Problem details: Restate, in full and unchanged, the entries that follow, but not their pictures.
START Working data
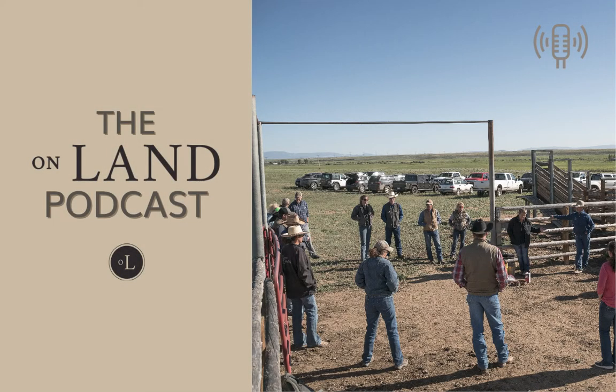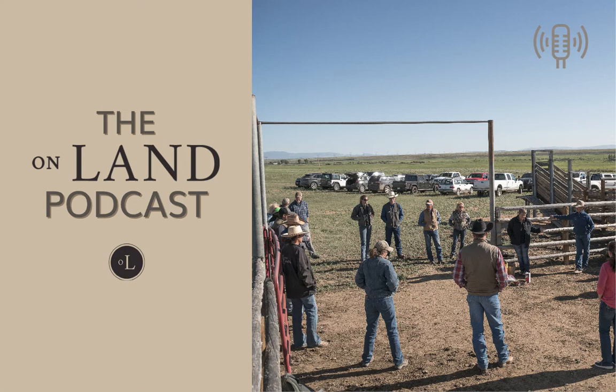Hey everyone, Zach here. It has been a while. We are working hard to bring you season two of the On Land podcast, so stay tuned for episodes dropping soon.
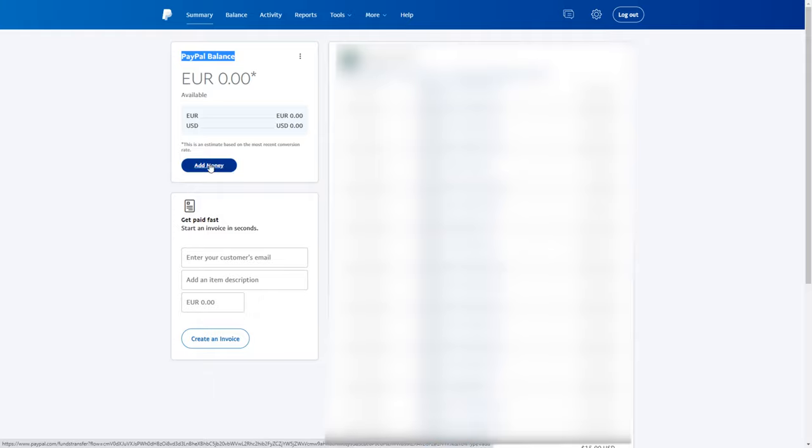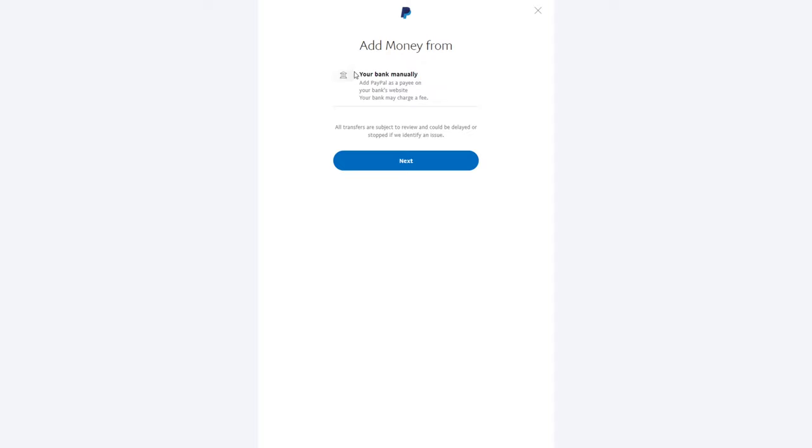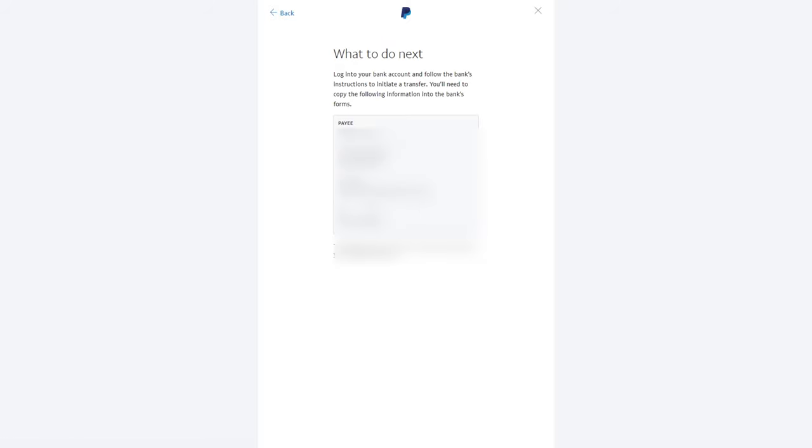Just click on this link or button. Here you will see your attached bank account, and to add money to your PayPal account, one option is clicking next. Here you will see details to which you need to send money.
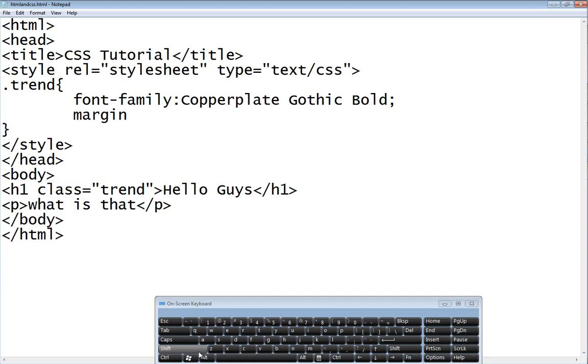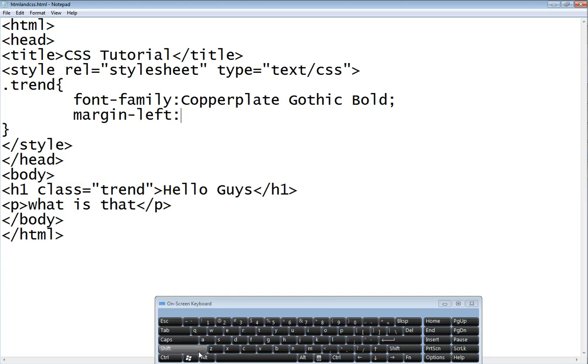We're going to define the margin of the left. We're going to use left. That is, we're going to make a margin on the left side. We're going to use something like 30px on the left.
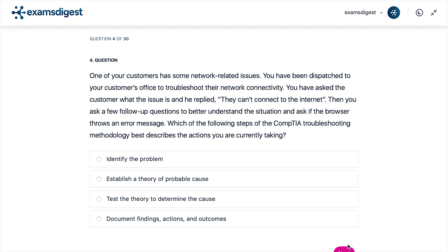Question 4. One of your customers has some network related issues. You have been dispatched to your customer's office to troubleshoot their network connectivity. You asked the customer what the issue is and they replied they can't connect to the internet. Then you ask a few follow-up questions to better understand the situation, and ask if the browser throws an error message. Which of the following steps of the CompTIA troubleshooting methodology best describes the actions you are currently taking? A. Identify the problem. B. Establish a theory of probable cause. C. Test the theory to determine the cause. D. Document findings, actions, and outcomes.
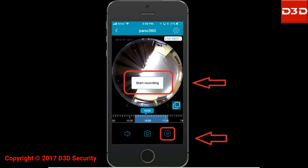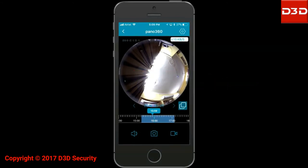To download the recorded videos, click on the record button, and the video will be downloaded to the user's phone gallery.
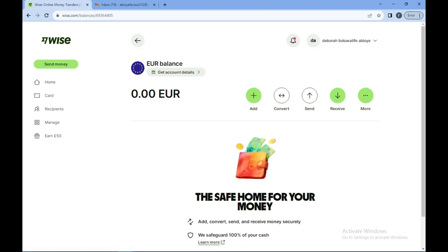You need to click on this icon showcasing account. Then you'll be redirected to a web page where you will see a list of instructions: add, convert, send, receive money. Our focus for today's tutorial is adding money.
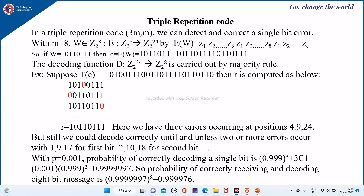Here all the bits are 0, so it is 0. Then here all the bits are 1, so it is 1. Again here there are 2 times 1 and 1 time 0, so majority is 1. Then again 0, then 1, then 1, and majority is 1. So this is the decoded word at the receiver end.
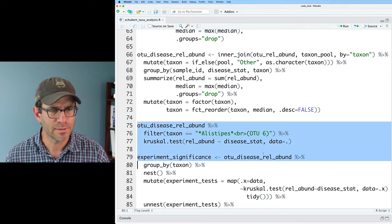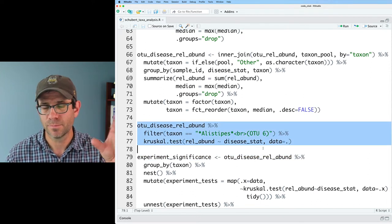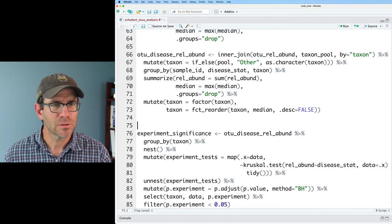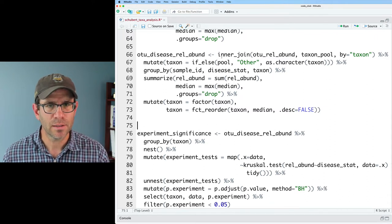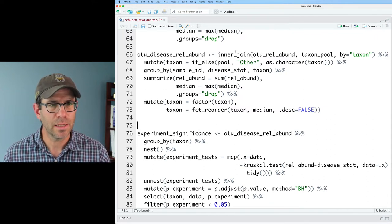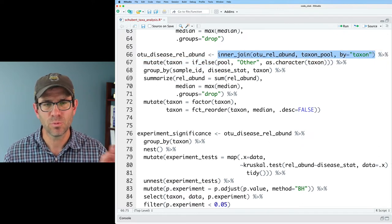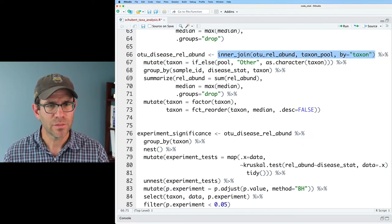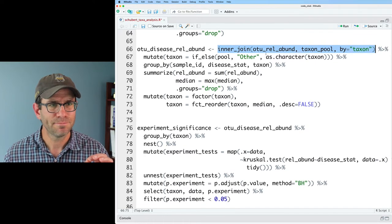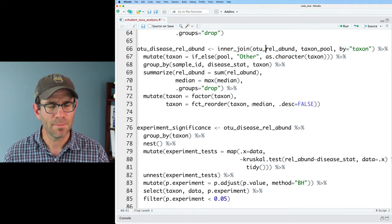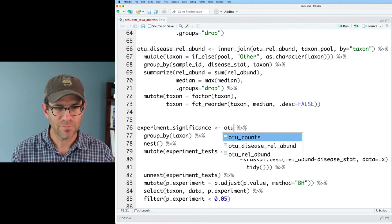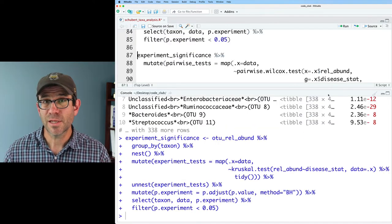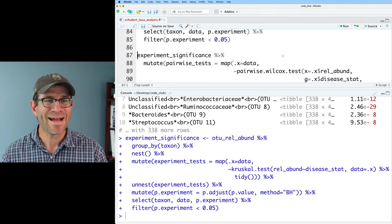I'll also remove these three lines that we had here for the kind of looking at one OTU. And so again, we did that pooling up here basically on our, with that taxon pool data frame. And so I think that we could do OTU rel abund as input to all this. So let's give that a shot.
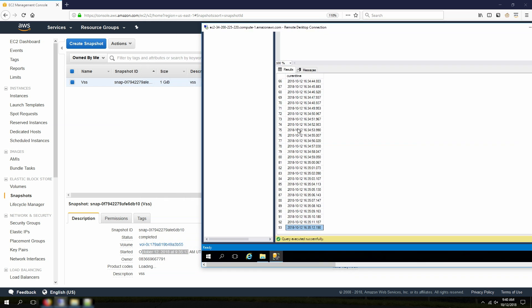With that, we get to the end of our demo. Great, now you can see how it's possible to take Microsoft VSS-enabled snapshots using AWS Systems Manager. Hope it helps, and thanks for watching.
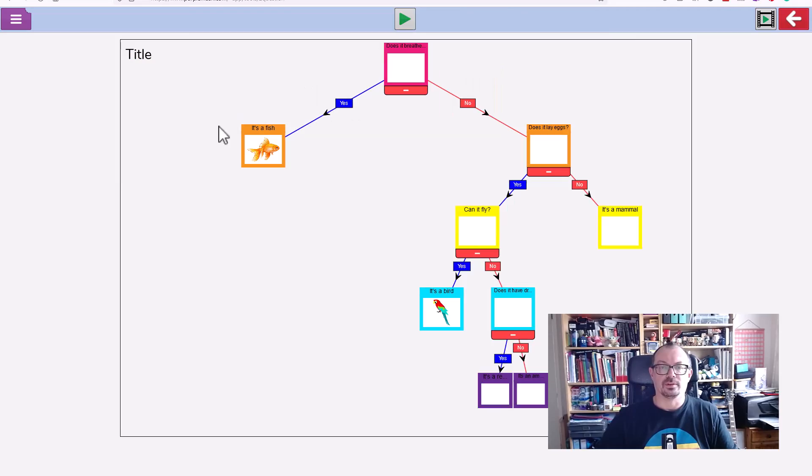Nice and simple. This obviously links to the year three branching databases unit, but you could use this within science when looking at classification of leaves, animals, or plants. I also use it just to do things like sweets, biscuits, licorice, or salts. There's links to maths in here as well. Thanks for your time. I'll be doing some more tech videos coming soon. Please like and subscribe to be notified of those. I hope to see you again soon. Cheers, bye!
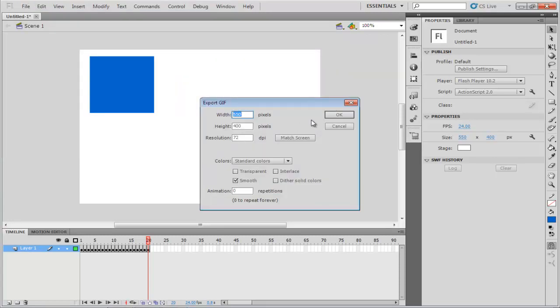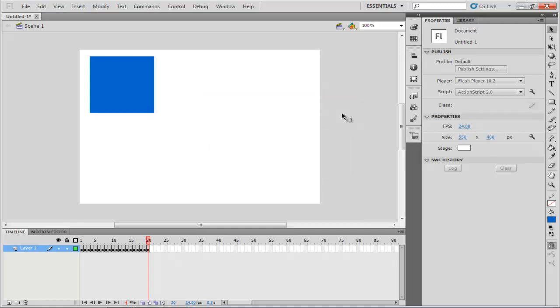The Export Windows Settings window will appear on your screen. Here, you can change the height or width. Click on the OK button to start the exporting process.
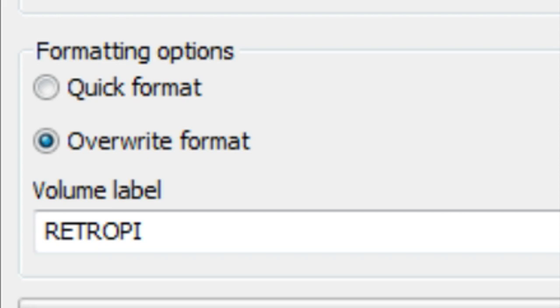The process should take a while and the bigger the card, the longer it will take. For my 16GB microSD card, it took about 10 minutes. So go make and have yourself a cup of coffee.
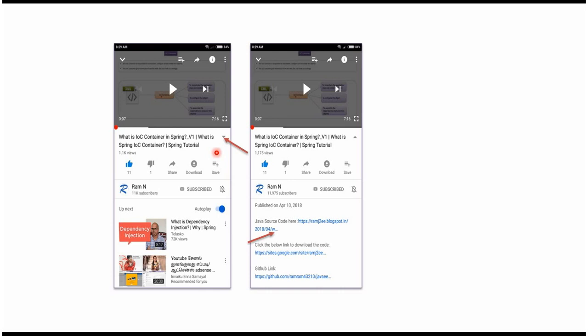You can get the Java source code link from the description of the video. On mobile, to see the description, click on this icon. It will expand and here you can see the description — it contains the Java source code links. Click on these links to get the Java source code. Thank you.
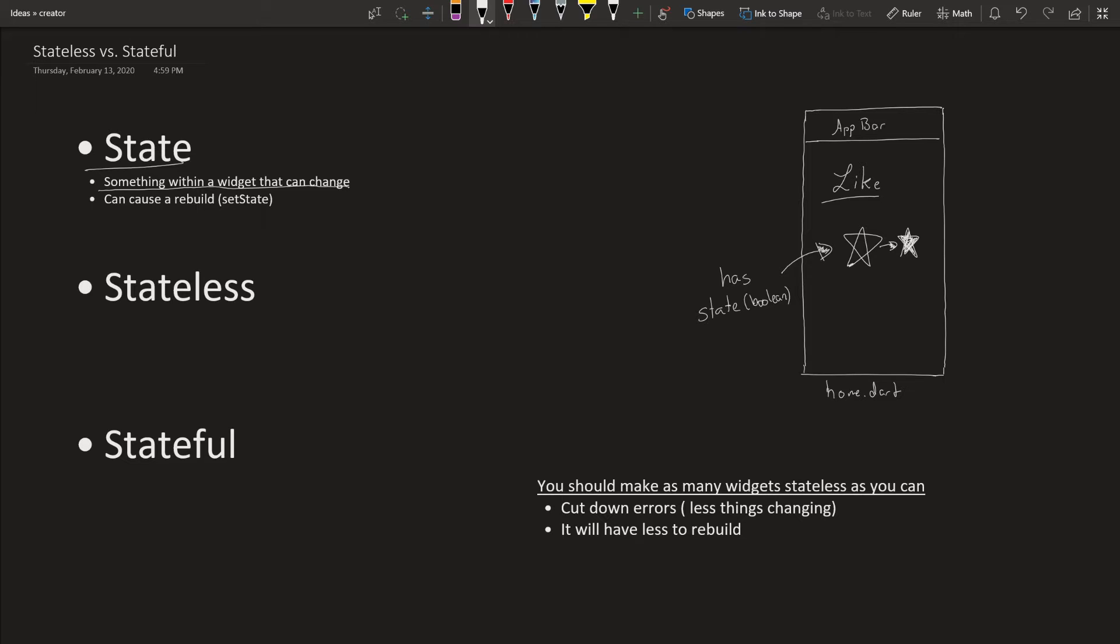A change within the state can cause a rebuild. If you know in Flutter there's a set state, that means you are setting a new state to whatever widget it is and you want the widget to rebuild.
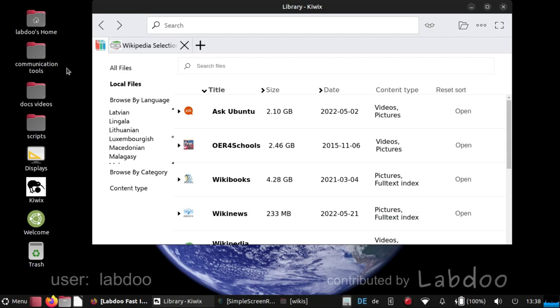When you are connected to internet and you open all files, then you will see hundreds and hundreds of wikis which you can download. But please mind the size of your hard disk. It is not possible to keep everything locally.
END Working data
Result of this exercise:
Hey everyone, Zach here. It has been a while. We are working hard to bring you season two of the On Land podcast, so stay tuned for episodes dropping soon.
Just click on this link or button. Here you will see your attached bank account, and to add money to your PayPal account, one option is clicking next. Here you will see details to which you need to send money.
We're going to define the margin of the left. We're going to use left. That is, we're going to make a margin on the left side. We're going to use something like 30px on the left.
Question 4. One of your customers has some network related issues. You have been dispatched to your customer's office to troubleshoot their network connectivity. You asked the customer what the issue is and they replied they can't connect to the internet. Then you ask a few follow-up questions to better understand the situation, and ask if the browser throws an error message. Which of the following steps of the CompTIA troubleshooting methodology best describes the actions you are currently taking? A. Identify the problem. B. Establish a theory of probable cause. C. Test the theory to determine the cause. D. Document findings, actions, and outcomes.
To download the recorded videos, click on the record button, and the video will be downloaded to the user's phone gallery.
You need to click on this icon showcasing account. Then you'll be redirected to a web page where you will see a list of instructions: add, convert, send, receive money. Our focus for today's tutorial is adding money.
Here all the bits are 0, so it is 0. Then here all the bits are 1, so it is 1. Again here there are 2 times 1 and 1 time 0, so majority is 1. Then again 0, then 1, then 1, and majority is 1. So this is the decoded word at the receiver end.
I'll also remove these three lines that we had here for the kind of looking at one OTU. And so again, we did that pooling up here basically on our, with that taxon pool data frame. And so I think that we could do OTU rel abund as input to all this. So let's give that a shot.
With that, we get to the end of our demo. Great, now you can see how it's possible to take Microsoft VSS-enabled snapshots using AWS Systems Manager. Hope it helps, and thanks for watching.
Nice and simple. This obviously links to the year three branching databases unit, but you could use this within science when looking at classification of leaves, animals, or plants. I also use it just to do things like sweets, biscuits, licorice, or salts. There's links to maths in here as well. Thanks for your time. I'll be doing some more tech videos coming soon. Please like and subscribe to be notified of those. I hope to see you again soon. Cheers, bye!
The Export Windows Settings window will appear on your screen. Here, you can change the height or width. Click on the OK button to start the exporting process.
The process should take a while and the bigger the card, the longer it will take. For my 16GB microSD card, it took about 10 minutes. So go make and have yourself a cup of coffee.
You can get the Java source code link from the description of the video. On mobile, to see the description, click on this icon. It will expand and here you can see the description — it contains the Java source code links. Click on these links to get the Java source code. Thank you.
A change within the state can cause a rebuild. If you know in Flutter there's a set state, that means you are setting a new state to whatever widget it is and you want the widget to rebuild.
When you are connected to internet and you open all files, then you will see hundreds and hundreds of wikis which you can download. But please mind the size of your hard disk. It is not possible to keep everything locally.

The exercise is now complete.